In this chapter an attempt is made to move from the immediate environment of the art and literature of the Renaissance to the study of the surrounding society. The assumption behind it is that the relation between art and society is not direct but mediated through worldviews. More precisely, there are two assumptions behind the chapter, two
hypotheses which need to be tested: in the first place, that worldviews exist – in other words, that particular attitudes are associated with particular times, places and social groups, so that it is not misleading to refer, for example, to ‘Renaissance attitudes’, ‘Florentine attitudes’ or ‘clerical attitudes’; in the second place, that these worldviews find their most elaborate expression in art and literature.
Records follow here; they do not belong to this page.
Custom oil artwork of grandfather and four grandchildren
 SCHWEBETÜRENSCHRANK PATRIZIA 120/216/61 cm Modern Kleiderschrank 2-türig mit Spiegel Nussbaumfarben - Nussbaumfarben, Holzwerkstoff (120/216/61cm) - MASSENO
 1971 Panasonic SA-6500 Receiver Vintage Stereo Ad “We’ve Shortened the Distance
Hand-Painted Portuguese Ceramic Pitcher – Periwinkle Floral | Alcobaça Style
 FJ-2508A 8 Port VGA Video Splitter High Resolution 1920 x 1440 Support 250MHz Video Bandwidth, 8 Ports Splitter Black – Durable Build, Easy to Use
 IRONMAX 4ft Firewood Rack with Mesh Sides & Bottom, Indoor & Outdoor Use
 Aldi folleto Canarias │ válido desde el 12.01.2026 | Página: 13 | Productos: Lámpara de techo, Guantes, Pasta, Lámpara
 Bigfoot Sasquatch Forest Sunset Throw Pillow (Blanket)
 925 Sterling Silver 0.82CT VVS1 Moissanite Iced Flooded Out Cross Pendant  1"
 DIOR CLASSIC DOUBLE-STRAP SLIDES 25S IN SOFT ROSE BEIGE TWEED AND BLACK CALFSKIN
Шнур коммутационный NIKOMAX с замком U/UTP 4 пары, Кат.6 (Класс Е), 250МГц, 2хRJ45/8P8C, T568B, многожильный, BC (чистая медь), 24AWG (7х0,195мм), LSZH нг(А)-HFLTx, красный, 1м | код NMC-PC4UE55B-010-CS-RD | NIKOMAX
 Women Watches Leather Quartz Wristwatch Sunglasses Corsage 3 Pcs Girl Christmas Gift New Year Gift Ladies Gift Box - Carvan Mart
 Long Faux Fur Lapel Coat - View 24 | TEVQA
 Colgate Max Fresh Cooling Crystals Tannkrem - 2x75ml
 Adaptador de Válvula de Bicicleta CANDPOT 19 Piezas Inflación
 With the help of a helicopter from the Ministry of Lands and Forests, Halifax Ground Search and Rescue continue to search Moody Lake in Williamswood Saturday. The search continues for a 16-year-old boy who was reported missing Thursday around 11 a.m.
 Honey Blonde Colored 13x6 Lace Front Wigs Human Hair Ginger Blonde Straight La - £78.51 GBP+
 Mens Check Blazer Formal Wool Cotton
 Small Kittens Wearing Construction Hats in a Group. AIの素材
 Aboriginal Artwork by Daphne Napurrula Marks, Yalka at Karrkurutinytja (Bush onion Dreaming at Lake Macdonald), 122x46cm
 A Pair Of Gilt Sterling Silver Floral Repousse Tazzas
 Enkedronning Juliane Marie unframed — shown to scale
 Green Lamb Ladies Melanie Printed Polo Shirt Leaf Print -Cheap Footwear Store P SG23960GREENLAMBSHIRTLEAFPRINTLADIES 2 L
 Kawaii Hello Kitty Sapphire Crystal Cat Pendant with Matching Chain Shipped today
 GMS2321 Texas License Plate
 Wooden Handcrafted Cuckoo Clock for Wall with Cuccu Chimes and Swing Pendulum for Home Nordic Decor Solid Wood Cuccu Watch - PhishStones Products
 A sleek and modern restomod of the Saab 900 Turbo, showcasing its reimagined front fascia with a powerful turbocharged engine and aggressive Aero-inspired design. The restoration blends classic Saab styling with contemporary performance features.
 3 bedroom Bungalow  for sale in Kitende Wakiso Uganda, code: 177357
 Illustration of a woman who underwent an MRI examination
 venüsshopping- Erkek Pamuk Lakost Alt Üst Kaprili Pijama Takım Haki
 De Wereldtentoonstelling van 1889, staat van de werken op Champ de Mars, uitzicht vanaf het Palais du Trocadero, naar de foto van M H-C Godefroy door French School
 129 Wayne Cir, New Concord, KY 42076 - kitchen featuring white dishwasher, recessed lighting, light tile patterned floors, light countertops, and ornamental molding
These hypotheses are not easy to verify. The sources, which are predominantly literary, are richer for the sixteenth century than for the fifteenth, much richer for Tuscany than for other regions, and in the overwhelming majority of cases the views they express are those of males of what we would call the upper or upper-middle class (the social structure of the period will be discussed in
chapter 9
below). As in the case of the study of aesthetic taste, it pays to look not only at relatively formal literary works but also at documents produced in the course of daily life, such as official reports and private letters. To uncover unconscious attitudes the historian has to attempt to read between the lines, using changes in the frequency of certain keywords as evidence of a shift in values.
4

This account will begin with a summary of some typical views of the cosmos, society, and human nature (needless to say, it will be extremely selective). It will end with an attempt to examine general features of the belief system and signs of change. The quotations will usually come from well-known writers of the period, but the passages have been chosen to illustrate attitudes they shared with their contemporaries.

VIEWS OF THE COSMOS

Views of time and space are particularly revealing of the dominant attitudes of a particular culture, precisely because they are rarely conscious and because they are expressed in practice more often than in texts. In his famous study of the religion of Rabelais, the French historian Lucien Febvre emphasized the vague, task-orientated conceptions of time and space in sixteenth-century France, such as the habit of counting in ‘Aves’ – in other words, the amount of time it takes to say a ‘Hail Mary’. Febvre made the French appear, in these respects at least, almost as exotic as the Nuer of the Sudan, whose attitudes to space and time were described at much the same time in an equally classic work by the British anthropologist E. E. Evans-Pritchard.
5

Whatever
may have been the assumptions of the Italian peasants of this period, the evidence from the towns suggests that much more precise attitudes to time were widespread, like the mechanical clocks which both expressed and encouraged these new attitudes. From the late fourteenth century, mechanical clocks came into use; a famous one was constructed at Padua to the design of Giovanni Dondi, a physician–astronomer who was a friend of Petrarch, and completed in 1364. About 1450, a clock was made for the town hall at Bologna; in 1478, one for the Castello Sforzesco in Milan; in 1499, one for Piazza San Marco in Venice; and so on. By the late fifteenth century, portable clocks were coming in. In Filarete’s utopia, the schools for boys and girls had an alarm clock (
sveg-liatoio
) in each dormitory. This idea at least was not purely utopian, for in Milan in 1463 the astrologer Giacomo da Piacenza had an alarm clock by his bed.